The Geography of Copyright Registrations — “The U.S. Copyright Office has released a report, The Geography of Copyright Registrations. The study examines the geographic distribution of copyright claims registered by individuals and organizations within the United States. The purpose of the report is to better understand where the copyright system is used and how patterns of registrations differ across areas within the country.”

Copyright versus privacy: the CJEU rules that access by a public authority to data associated with an IP address can be justified — “As a result of this judgment, ARCOM, the French regulatory authority that fights online copyright infringement, can continue to fight unlawful downloading. More generally, this decision was very well received in France.”

Copyright and Piracy in France: A Court Blocks Z-Library — “The French publishers’ association—the Syndicat national de l’édition—is messaging the news media that the Paris Judicial Court has today (September 12) ordered Internet service providers to block the ‘Z-Library’ site. The order renders a total 98 domain names and their possible extensions on mirror sites inaccessible.”

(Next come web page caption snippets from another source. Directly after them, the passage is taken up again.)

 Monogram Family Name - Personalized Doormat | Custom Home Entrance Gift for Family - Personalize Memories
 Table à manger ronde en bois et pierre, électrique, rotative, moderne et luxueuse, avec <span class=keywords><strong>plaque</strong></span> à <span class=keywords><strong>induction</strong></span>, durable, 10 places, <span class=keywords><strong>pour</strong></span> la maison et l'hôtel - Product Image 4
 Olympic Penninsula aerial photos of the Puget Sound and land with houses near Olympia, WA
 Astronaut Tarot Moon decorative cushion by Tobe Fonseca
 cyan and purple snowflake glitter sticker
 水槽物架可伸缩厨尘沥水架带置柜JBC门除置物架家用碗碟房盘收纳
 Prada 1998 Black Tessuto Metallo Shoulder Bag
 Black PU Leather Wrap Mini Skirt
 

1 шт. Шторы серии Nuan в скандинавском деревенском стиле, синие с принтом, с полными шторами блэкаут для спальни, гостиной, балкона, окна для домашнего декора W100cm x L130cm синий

House Judiciary Committee Asks Copyright Office to Examine PROs, Citing ‘Difficult to Assess’ Royalty Distributions — “The ‘proliferation’ of PROs is a newer concern. Around the world, most countries typically have one PRO for local writers and publishers to join. In the U.S., it works differently. For over a hundred years, ASCAP and BMI have been the primary choices for a songwriter or publisher looking to collect performance royalties in the United States, but there is also the option to go with SESAC instead, a smaller but still important player in the U.S. PRO landscape, which has been around for almost as long.”

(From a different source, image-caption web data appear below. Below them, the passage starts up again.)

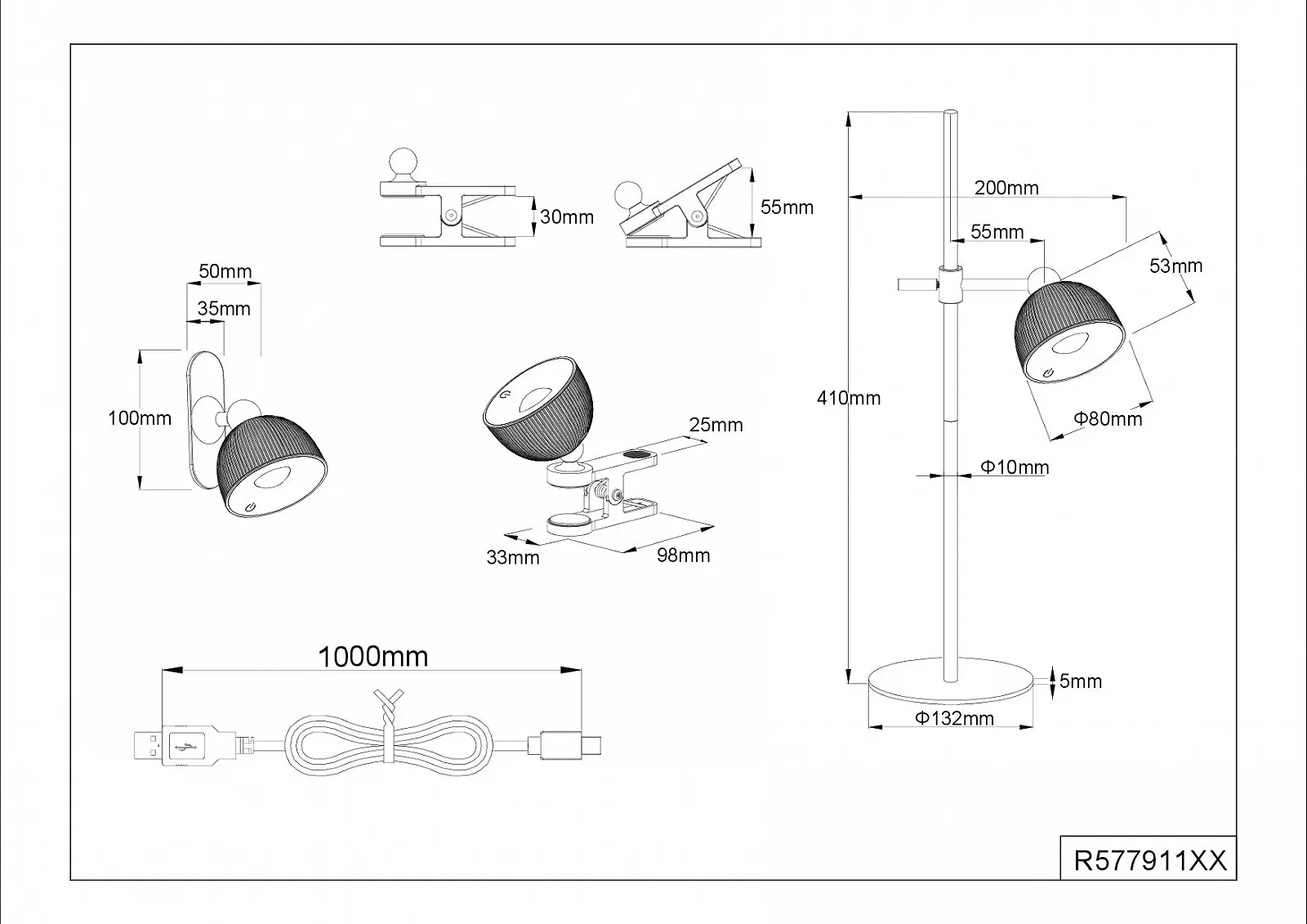 Настільна лампа Reality Leuchten Maxima R57791101 LED акумуляторна металева 3 Ват 4-рівневий сенсор з кріпленнями Біла матова, фото №7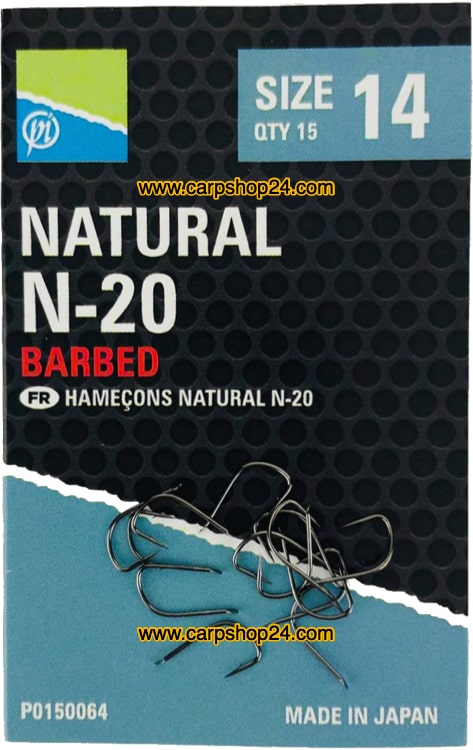 Preston Natural N-20 Barbed Haaken Weerhaak Bled Nr 14 P0150064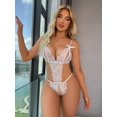 thumbnail image 4 of Sexy Floral Lace Jumpsuit, See Through Deep V Backless Open Crotch Bodysuit, Women's Sexy Lingerie & Underwear, 4 of 5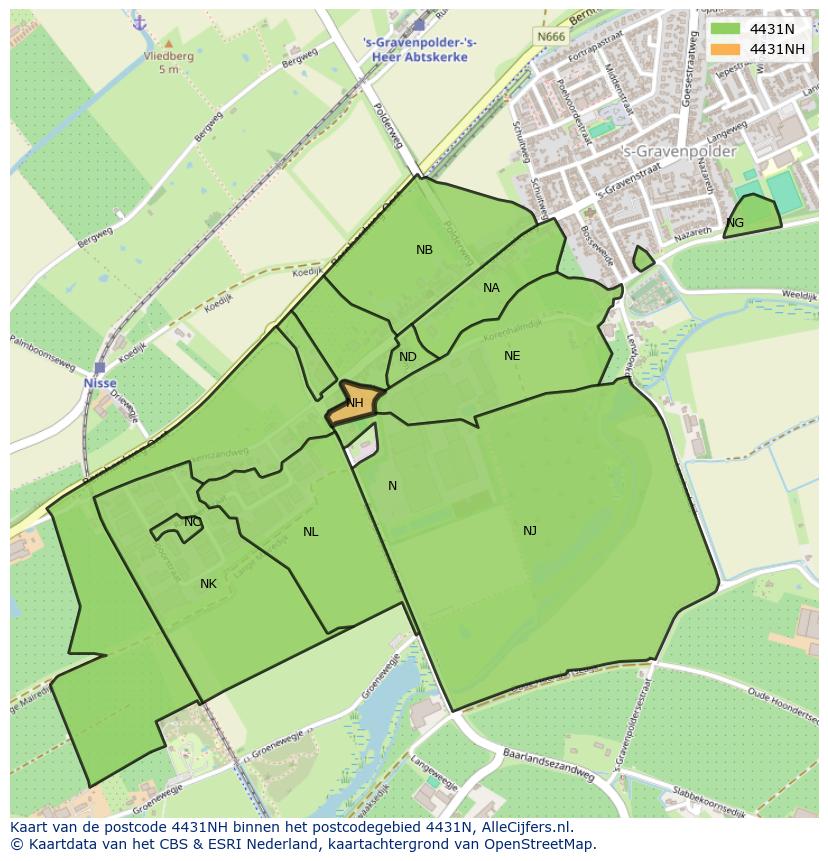 Afbeelding van het postcodegebied 4431 NH op de kaart.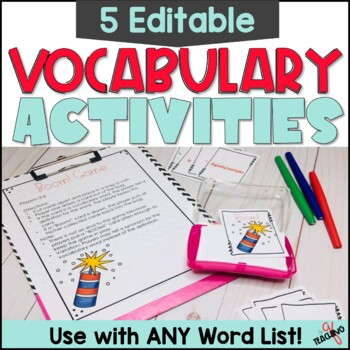 Preview of EDITABLE Vocabulary Games - 2nd 3rd Grade Vocabulary Activities for ANY List
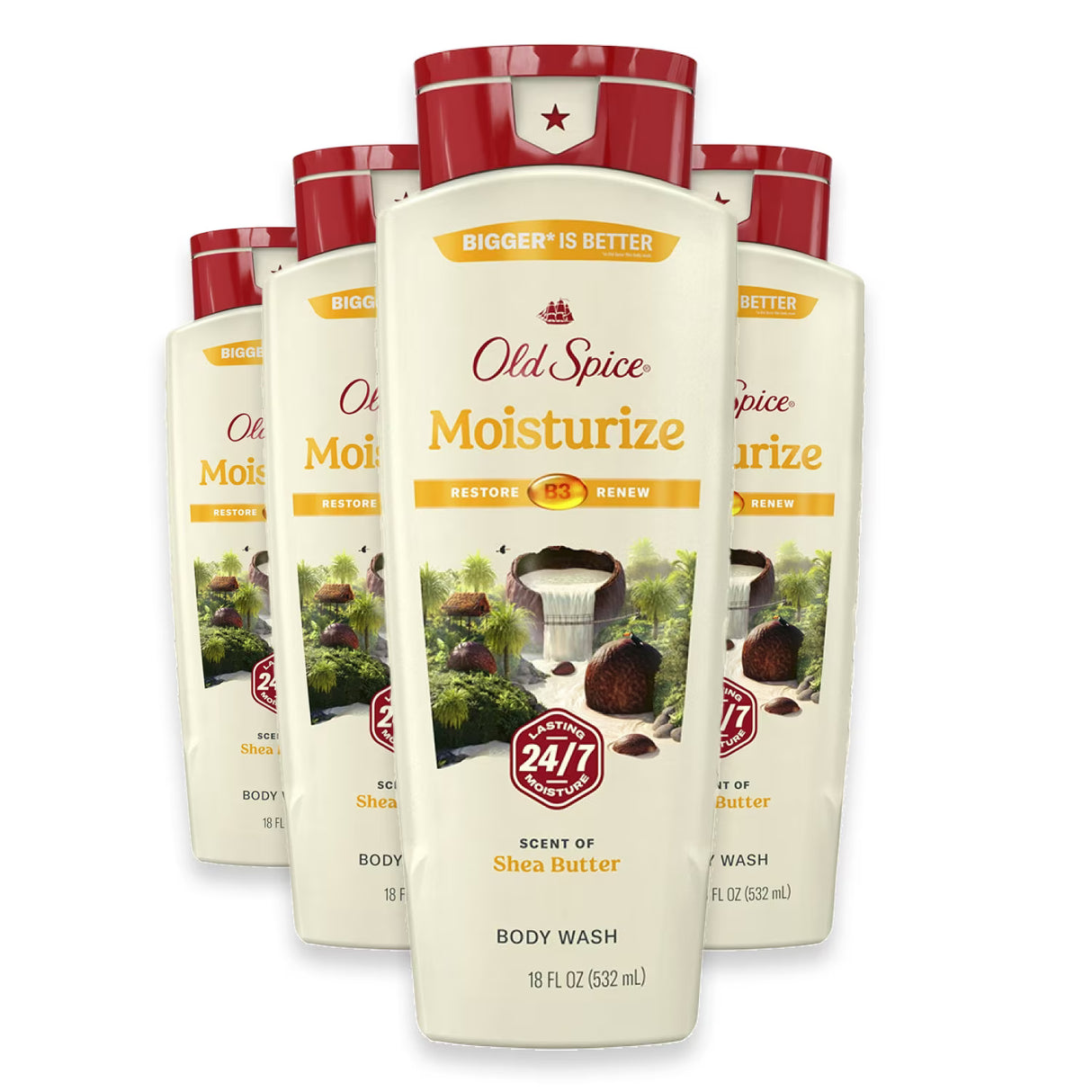 Old Spice Moisturize with Shea Butter Body Wash - 18 oz - 4 Pack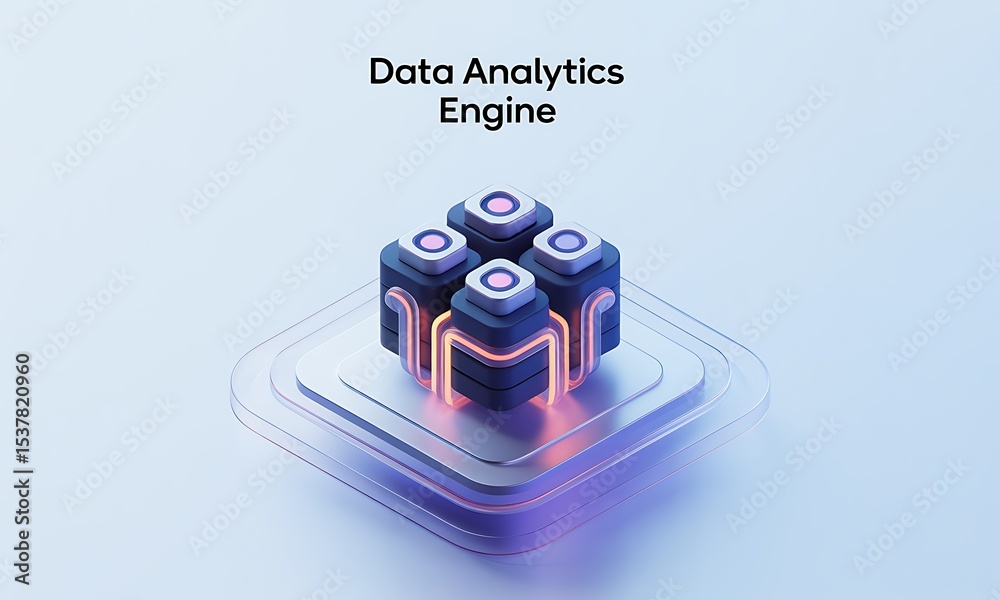 Poster data analytics engine concept: digital core powering a futuristic technology solution, illustrating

Supreme Court review sought over entitlement to attorney fees in copyright cases — “The petition argues that circuits are split on whether a defendant is a is a ‘prevailing party’ when an action is dismissed without prejudice. Both the Fourth and Eleventh Circuits have recognized the existence of a circuit split. The majority rule is that defendants cannot be prevailing parties when a plaintiff voluntarily dismisses the action without prejudice. The minority view is that if a lawsuit ends without the plaintiff altering its legal relationship with the defendant, the defendant has prevailed in the action.”